A spate of recent controversial court decisions is raising the ire of conservatives who charge that judicial activists are usurping the popular will.
But scholars and civil-rights lawyers say the courts are playing their long-standing, and well-precedented, role of guardian of constitutionally-protected rights.
The two most recent cases in point: The decision last week by a federal judge in San Francisco temporarily halting implementation of Proposition 209, a California ballot measure passed in November that would potentially bar programs that give preference to women and minorities. The other was Tuesday's ruling by a circuit court judge in Hawaii that a state ban on same-sex marriages was unconstitutional.
"The judiciary is not respecting the balance of powers and instead is becoming the top of the pyramid," says Kristi Hamrick, of the conservative Family Research Council. Counters Michael Laurence, a civil-rights attorney in San Francisco: "Any federal judge who upholds his or her oath to the federal Constitution is subject to this sort of attack. That's why we have the Constitution - to protect the minority against the tyranny of the majority."
Conservatives point to a number of cases in recent years that they believe constitute a trend of the courts thwarting the increasingly conservative mood in public policy. In another prominent California case, a federal judge blocked implementation of a proposition barring benefits to illegal immigrants after its passage in 1994.

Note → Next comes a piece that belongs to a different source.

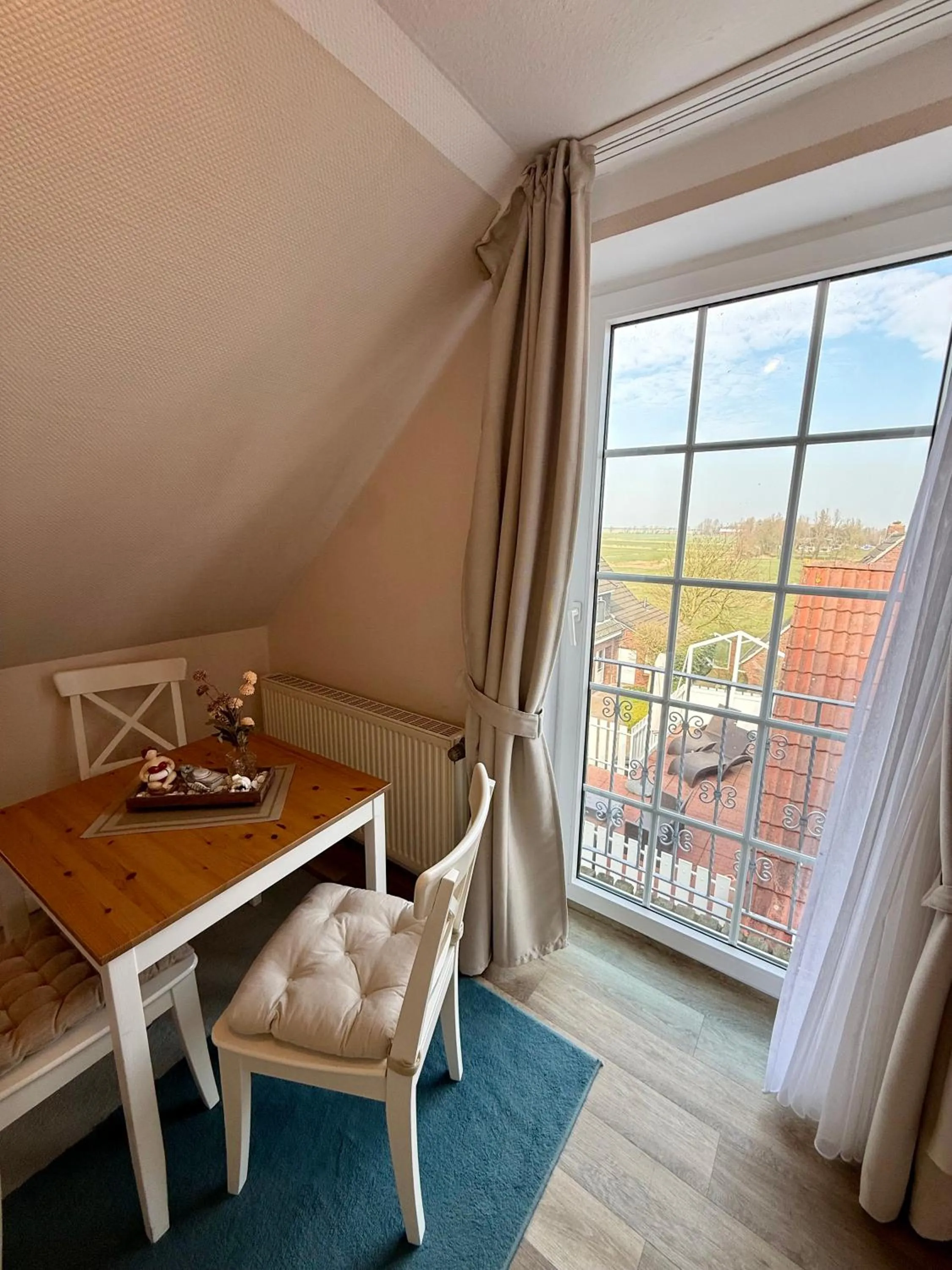 Photo of the whole room in Landhotel Esen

And a Supreme Court decision earlier this year invalidated a Colorado state constitutional amendment preventing local and state governments from enacting anti-discrimination laws for homosexuals.
"When [opponents of such measures] can't win in the ballot, they bring their politics into the court," says Sharon Browne, a lead attorney for Proposition 209 authors in federal court.

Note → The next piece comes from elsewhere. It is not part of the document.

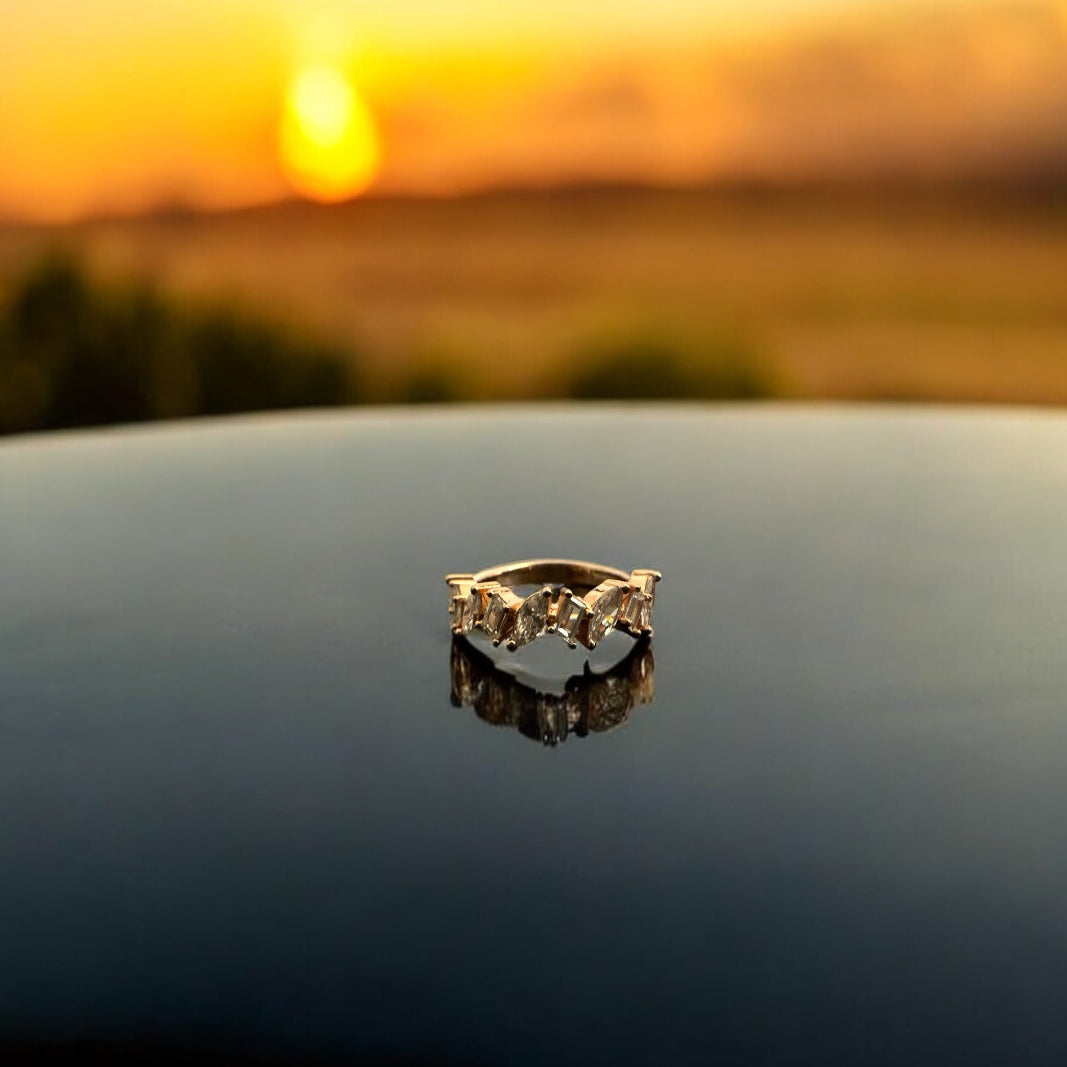 Precious finger ring 92.5 Silver Premium CZ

But University of California at Berkeley law professor Franklin Zimring notes such "activism" is being done by conservatives as well as liberals. He cites the case brought to the US Supreme Court this week by gun control opponents hoping to overturn the Brady handgun law. In any case, the courts are rightfully carrying out judicial review, ensuring there is "quality control in the legislative process," he says.

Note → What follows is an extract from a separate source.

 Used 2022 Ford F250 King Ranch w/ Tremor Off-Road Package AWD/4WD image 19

The need for review is greatest in the case of laws adopted by ballot initiative, says constitutional scholar Gerald Uelmen of the Santa Clara University law school. The ballot measures are often poorly drafted, reflecting political rather than policy aims, he says.
In both the Hawaii case and California's Prop. 209, the underlying legal issue was the same - the right to equal protection. That right is codified in the Fourteenth Amendment of the Constitution, enacted after the Civil War to protect the rights of newly freed slaves.
Based on that clause, the Supreme Court has upheld certain kinds of government efforts to redress discrimination, including forms of affirmative action.
The American Civil Liberties Union contends that Prop. 209 violates the 14th Amendment, arguing that it freezes current discrimination in place, taking away remedies to rectify that inequality. The ACLU cites several Supreme Court decisions as precedents, including the overturning of the Colorado gay rights initiative.